ACTIVITY » The expected answer is a verbatim transcription of the lines below, beginning with the first and ending with the line that holds "Shop Kenzo Cheongsam", without pictures.

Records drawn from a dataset
___

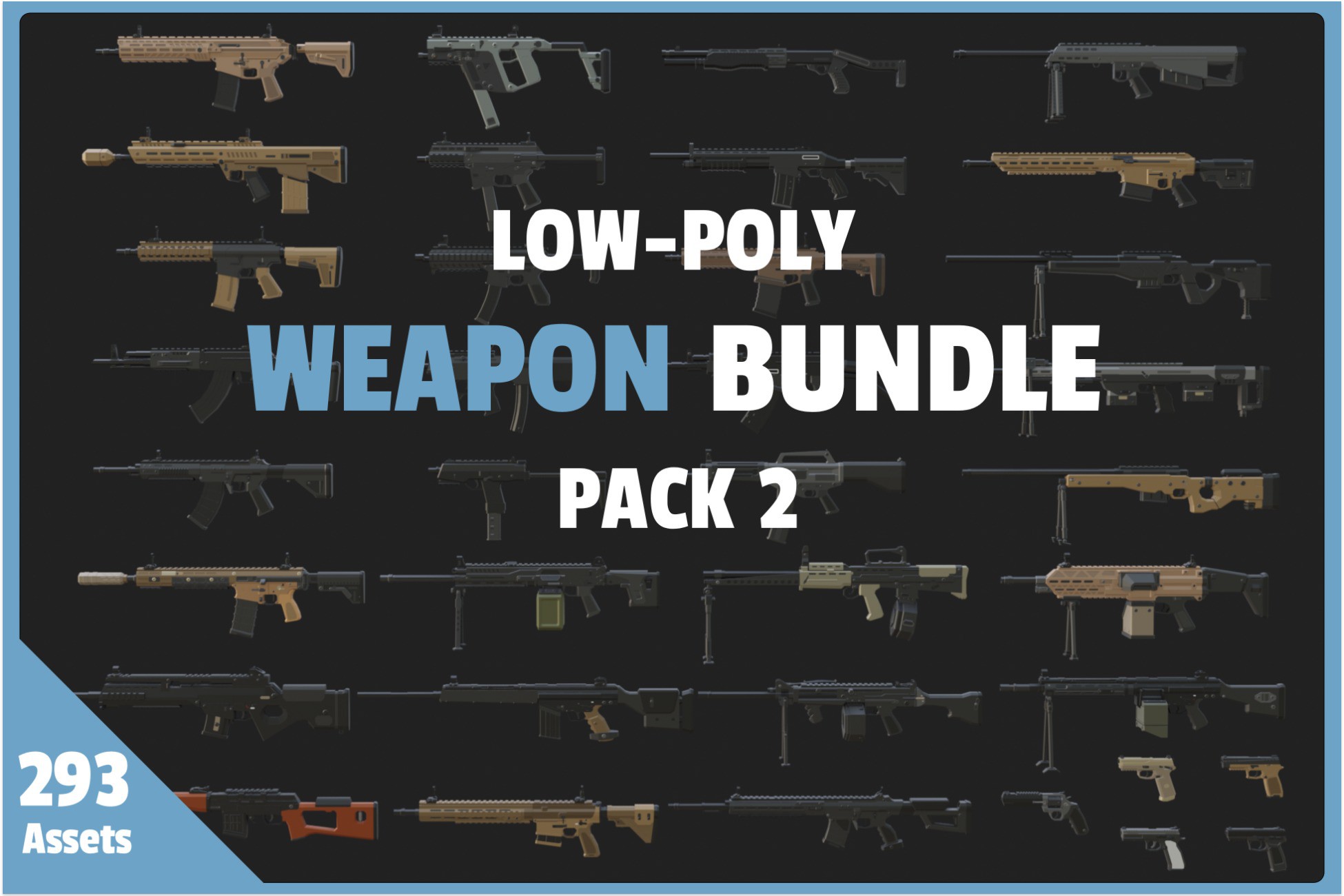 Low Poly Weapon Bundle Pack 2 | 3D Guns | Unity Asset Store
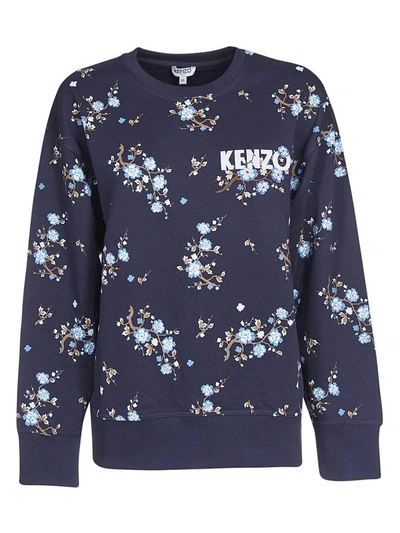 Shop Kenzo Cheongsam Flower Sweatshirt In Blu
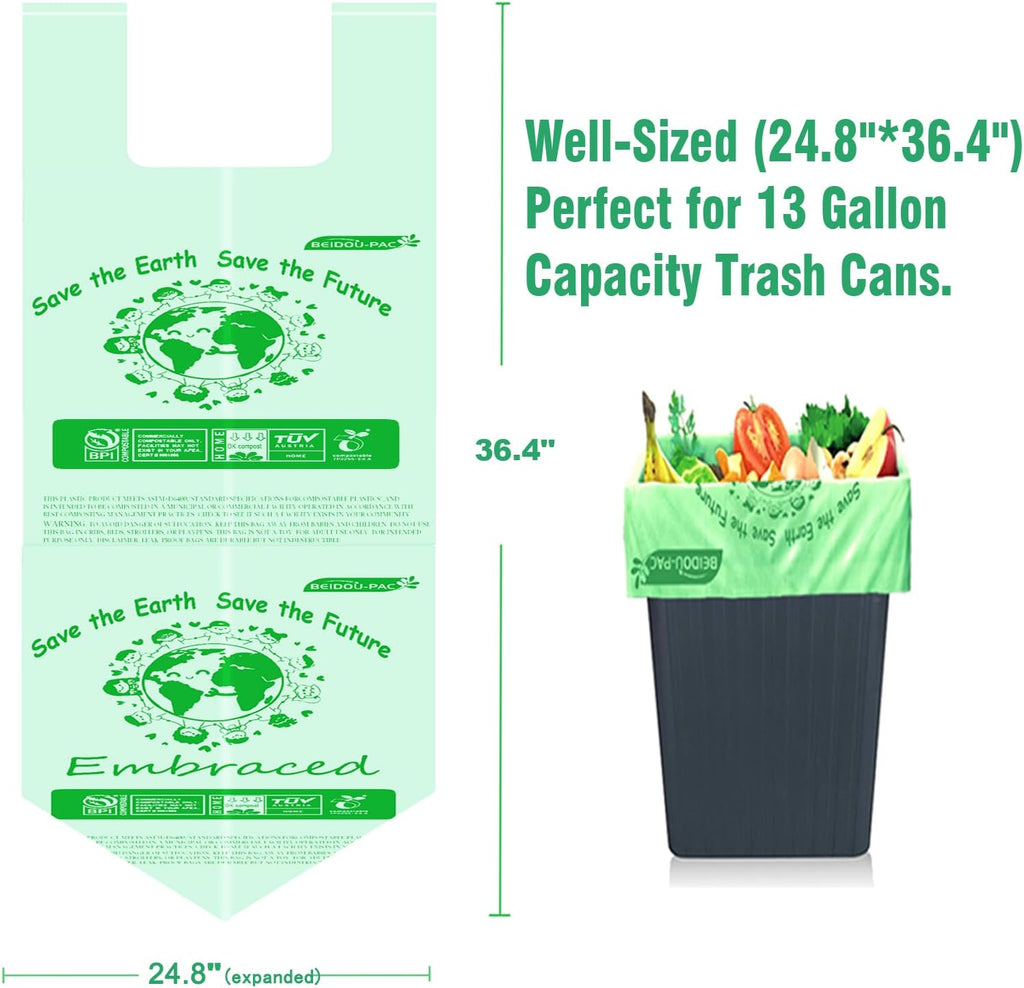 13 Gallon Compostable Trash Bags, 30 Count, Compost Bags Tall Kitchen Trash Bags with Handle, Sturdy Biodegradable Garbage Bags Food Scrap Waste Bags, ASTM D6400, US BPI Certified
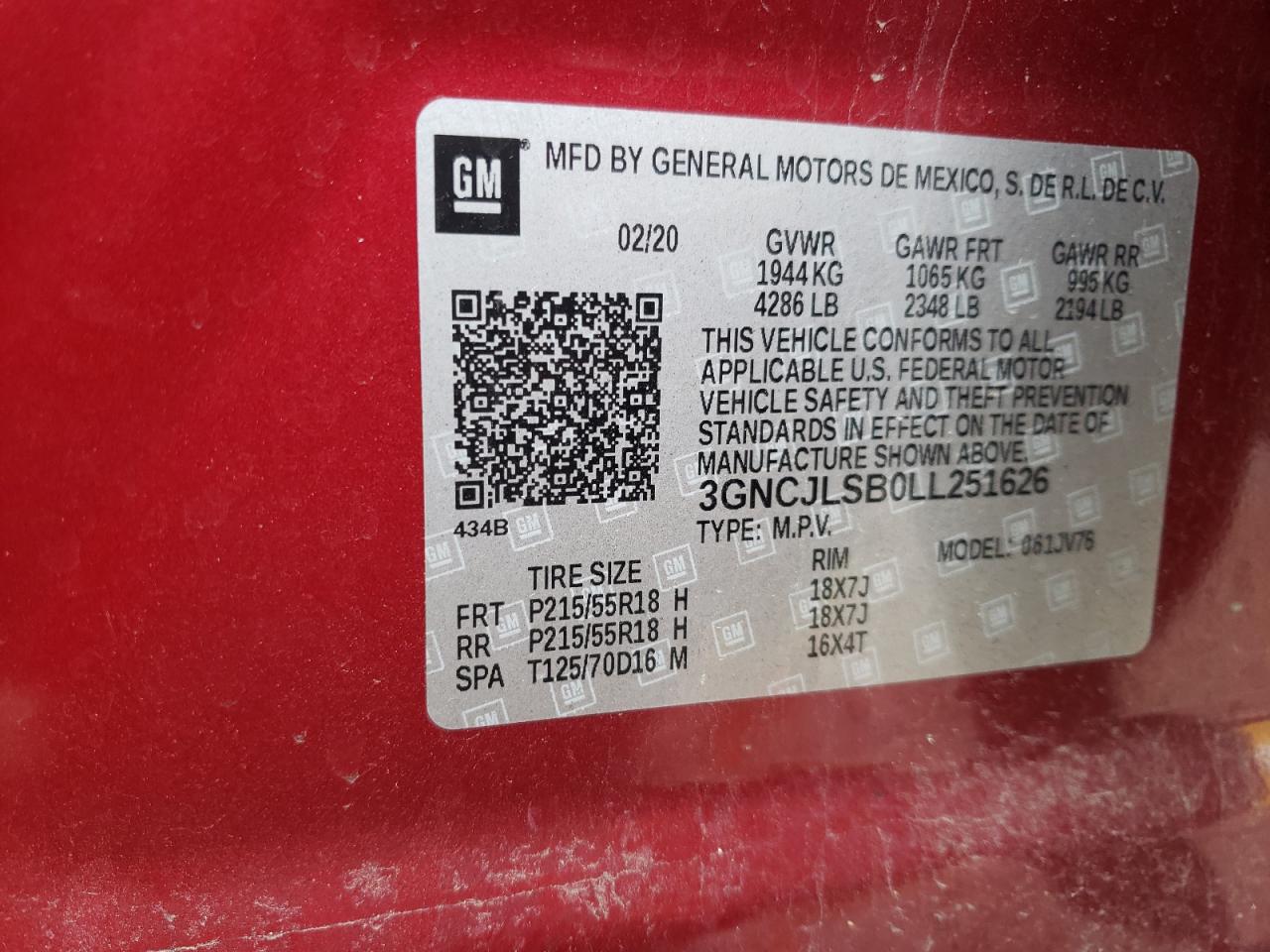 3GNCJLSB0LL251626 2020 Chevrolet Trax 1Lt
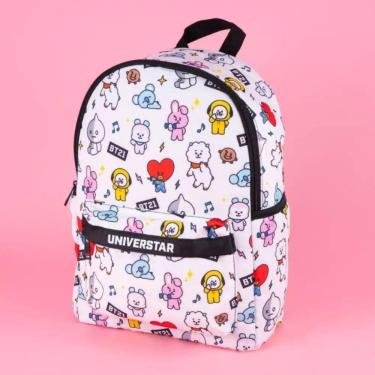 Imagem de Mochila De Costa Escolar Personagens Bt21 Branca Bts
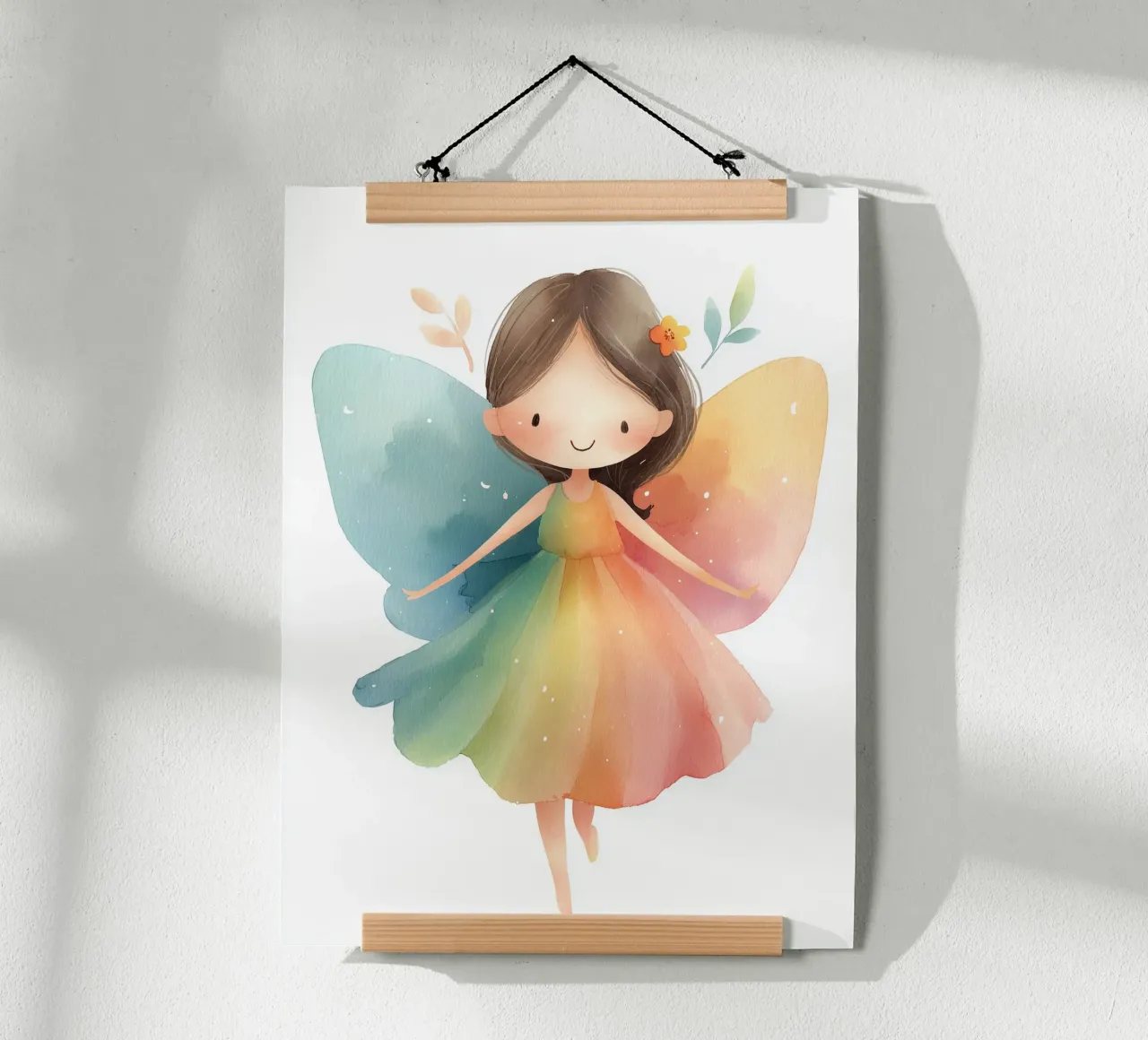 Poster di una fata arcobaleno per la cameretta di un bambino carta hahnemühle da Kid’s Dream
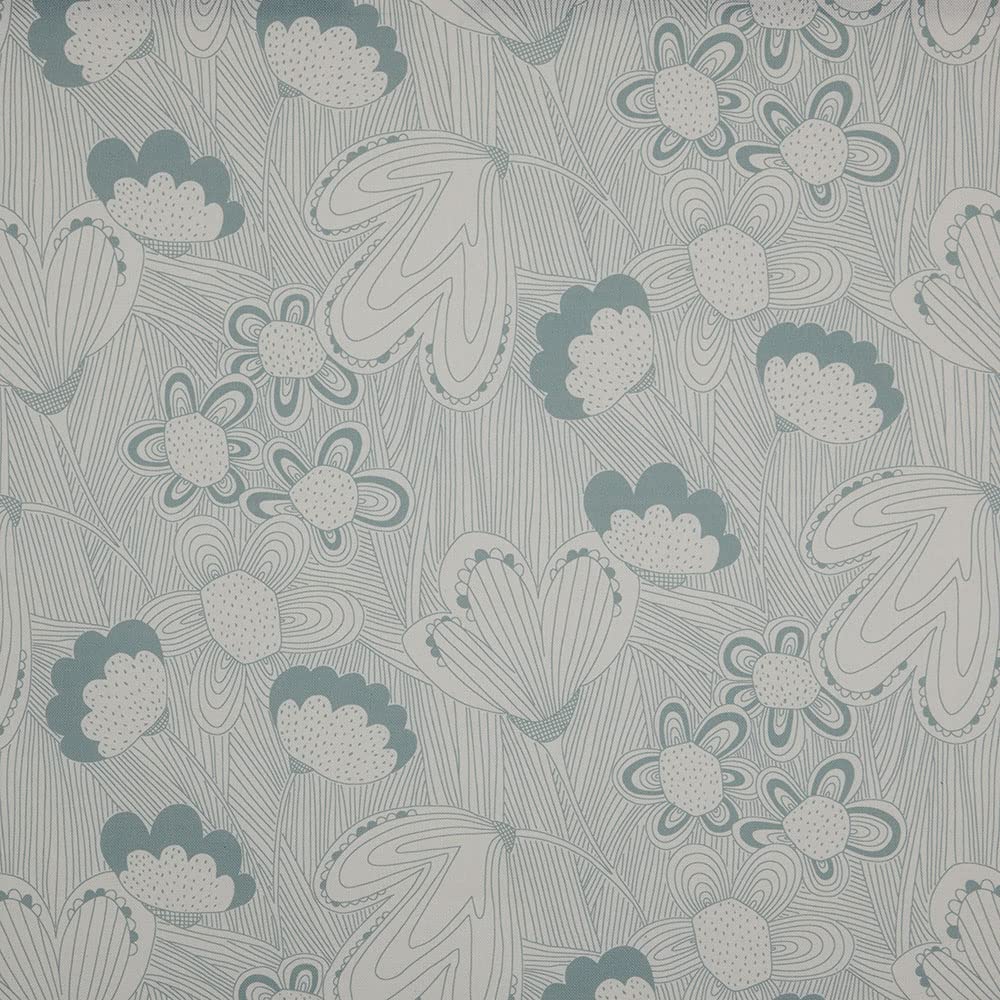 Kt KILOtela - Digital Printed Canvas Fabric, Half Panama Organic Cotton, Standard 100 by Oeko-Tex, 100 cm Length x 280 cm Width | Taimi, Flowers - Green ─ 1 metre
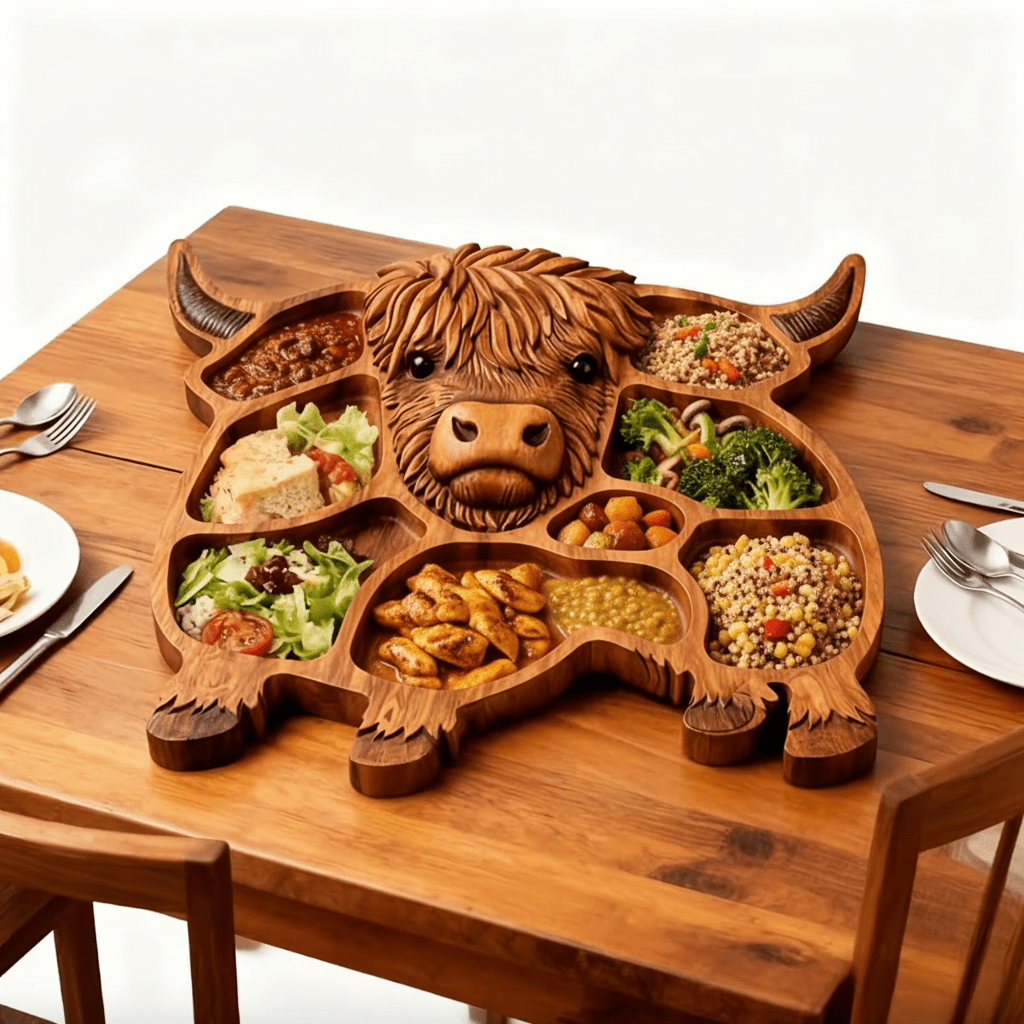 Charcuterie Board with Cow Motif, Wooden Cheese Board for Sausage and Snacks – image 4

___

SOLUTION FOR THIS PROBLEM »
 Low Poly Weapon Bundle Pack 2 | 3D Guns | Unity Asset Store
 Shop Kenzo Cheongsam Flower Sweatshirt In Blu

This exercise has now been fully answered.